Acara dibuka secara resmi oleh Dekan Fakultas Hukum UM Surabaya, Satria Unggul Wicaksana, S.H., M.H., yang dalam sambutannya menekankan bahwa Indonesia saat ini berada dalam kondisi darurat korupsi. Beliau menyatakan bahwa gelombang korupsi yang terjadi di berbagai sektor ibarat tsunami yang tidak dapat dihadapi hanya oleh satu lembaga seperti KPK. Oleh karena itu, dibutuhkan kolaborasi dan peran aktif dari seluruh elemen bangsa, termasuk perguruan tinggi.

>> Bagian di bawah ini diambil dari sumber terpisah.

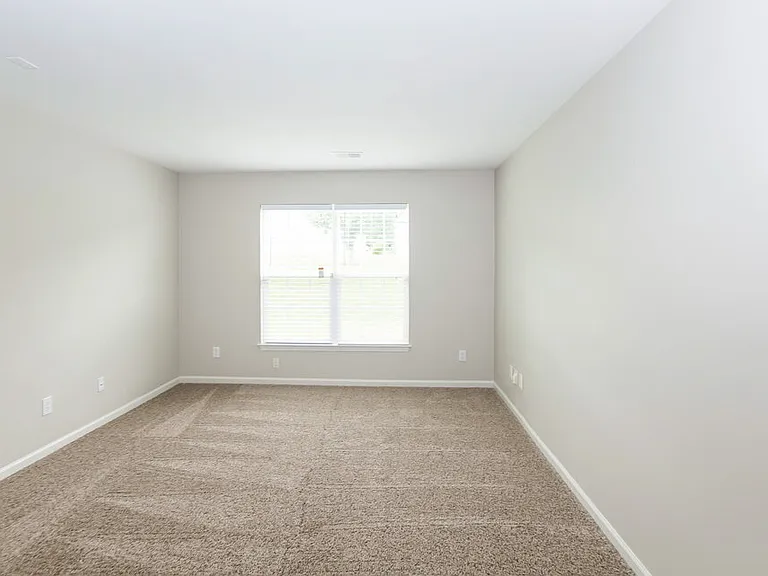 9109 Munsing Dr — Photo 10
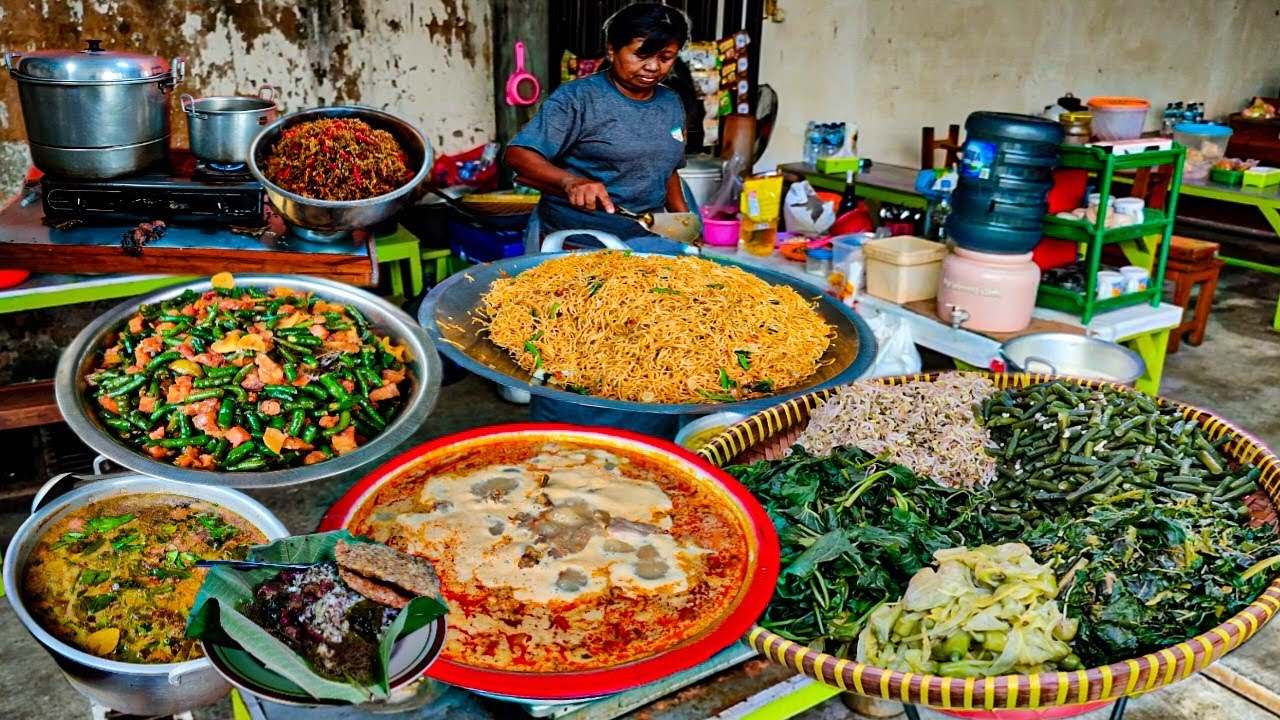 CUMA 7RIBU MAKAN KENYANG, BELUM SEBULAN PINDAH TEMPAT TETAP MEMBLUDAK PEMBELINYA YANG DATANG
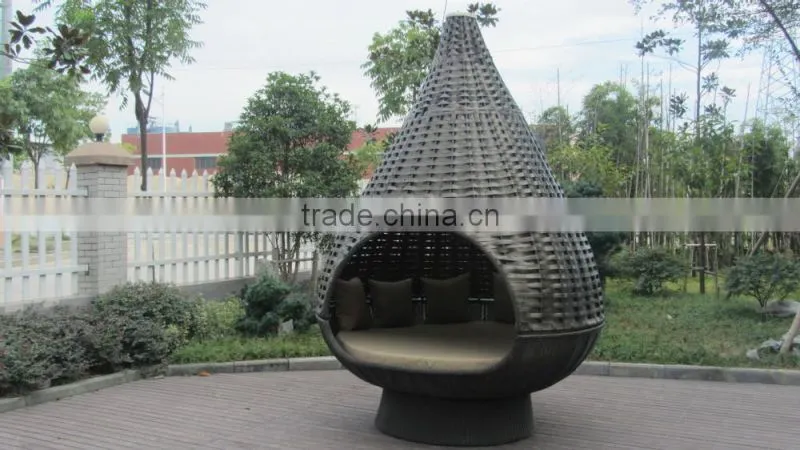 Outdoor bird's nest rattan chairs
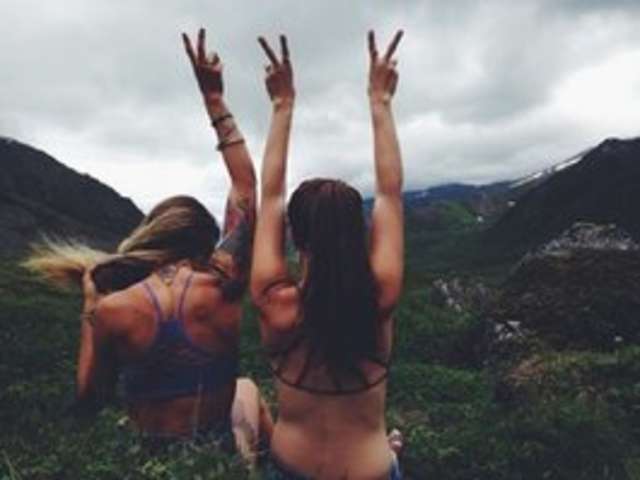 go to chat with SophieAndAlix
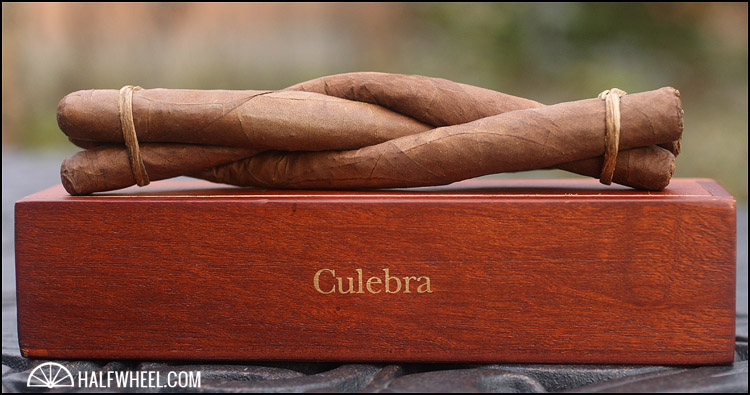 奥利瓦V系列库莱布拉 - OLIVA SERIE V CULEBRA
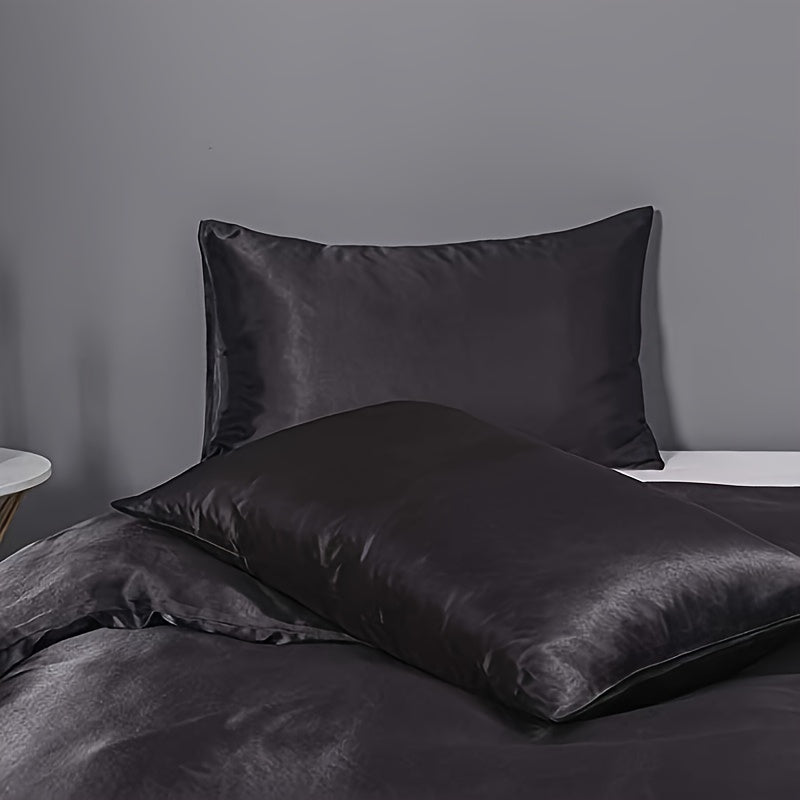 Группа из четырех чехлов для подушек из искусственного шелка с молнией.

Kampus, sebagai tempat lahirnya intelektual dan pemimpin masa depan, harus menjadi garda terdepan dalam membangun budaya integritas dan melahirkan generasi yang memiliki kesadaran antikorupsi.
“KPK tidak bisa sendiri menghadapi tsunami korupsi di Indonesia. Kampus harus hadir bukan hanya sebagai pengamat, tetapi sebagai agen perubahan yang mendorong transformasi budaya hukum dan integritas di masyarakat,” tegas Dekan FH UM Surabaya.

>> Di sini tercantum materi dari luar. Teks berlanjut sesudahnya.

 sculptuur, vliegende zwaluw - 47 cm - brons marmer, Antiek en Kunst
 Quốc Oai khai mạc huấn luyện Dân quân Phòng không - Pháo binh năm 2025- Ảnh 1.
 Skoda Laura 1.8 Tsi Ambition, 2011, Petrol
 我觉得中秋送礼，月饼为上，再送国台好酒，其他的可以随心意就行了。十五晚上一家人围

Dalam pemaparannya, Indira menekankan pentingnya pendidikan sebagai fondasi utama dalam membangun budaya antikorupsi. Menurutnya, perguruan tinggi bukan hanya bertugas mencetak lulusan dengan kompetensi akademik, tetapi juga berperan membentuk karakter yang menjunjung tinggi kejujuran dan tanggung jawab.
“Budaya antikorupsi harus dimulai dari dunia pendidikan, termasuk di perguruan tinggi. Membiasakan integritas adalah bagian dari amal sholeh. Mahasiswa dan dosen harus menjadi teladan dalam perilaku jujur dan transparan di lingkungan akademik,” ujarnya.

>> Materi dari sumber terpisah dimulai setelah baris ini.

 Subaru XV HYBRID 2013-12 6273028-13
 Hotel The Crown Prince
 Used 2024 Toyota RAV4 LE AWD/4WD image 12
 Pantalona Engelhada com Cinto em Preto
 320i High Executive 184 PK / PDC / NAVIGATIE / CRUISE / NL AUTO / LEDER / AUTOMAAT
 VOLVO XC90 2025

Indira juga menyinggung peran dosen sebagai agen perubahan dan pentingnya mengintegrasikan nilai-nilai antikorupsi ke dalam kurikulum serta kegiatan ekstrakurikuler.
Sebagai akademisi dan aktivis sosial, Dr. Umar menyampaikan pandangan yang tajam terhadap kondisi penegakan hukum di Indonesia. Ia menilai bahwa korupsi yang terjadi sudah berada pada taraf yang mengkhawatirkan dan memerlukan pendekatan hukum yang tidak biasa.
“Korupsi yang gila-gilaan membutuhkan penegak hukum yang juga gila. Kalau tidak, maka pemberantasan korupsi akan jalan di tempat. Kita tidak bisa hanya mengandalkan pendekatan normatif. Perspektif hukum progresif harus diterapkan agar penegakan hukum mampu menjawab tantangan zaman,” paparnya.
Ia mendorong agar dunia akademik tidak hanya menjadi ruang teori, tetapi juga terlibat langsung dalam advokasi, edukasi, dan gerakan sosial yang nyata.
Dalam sesi terakhir, Samsul Arifin menyoroti pentingnya penguatan etika profesi hukum. Ia menyampaikan bahwa banyak pelanggaran etik dalam profesi hukum justru terjadi akibat minimnya penanaman nilai integritas sejak di bangku kuliah.
“Etika profesi bukan hanya diajarkan, tetapi juga diteladankan. Mahasiswa hukum harus mulai dibiasakan untuk bersikap jujur, objektif, dan kritis sejak dini. Kalau pendidikan hukum hanya sibuk mencetak penghafal pasal, maka jangan heran jika nanti banyak sarjana hukum justru terlibat dalam kasus hukum,” katanya.
Kuliah umum ini diharapkan menjadi momentum bagi Fakultas Hukum UM Surabaya untuk terus menguatkan komitmen dalam membentuk budaya akademik yang bersih dan berintegritas. Peringatan milad kali ini bukan sekadar seremonial, tetapi menjadi refleksi dan langkah awal menuju transformasi pendidikan hukum yang lebih kontekstual dan berdampak langsung pada pemberantasan korupsi di Indonesia.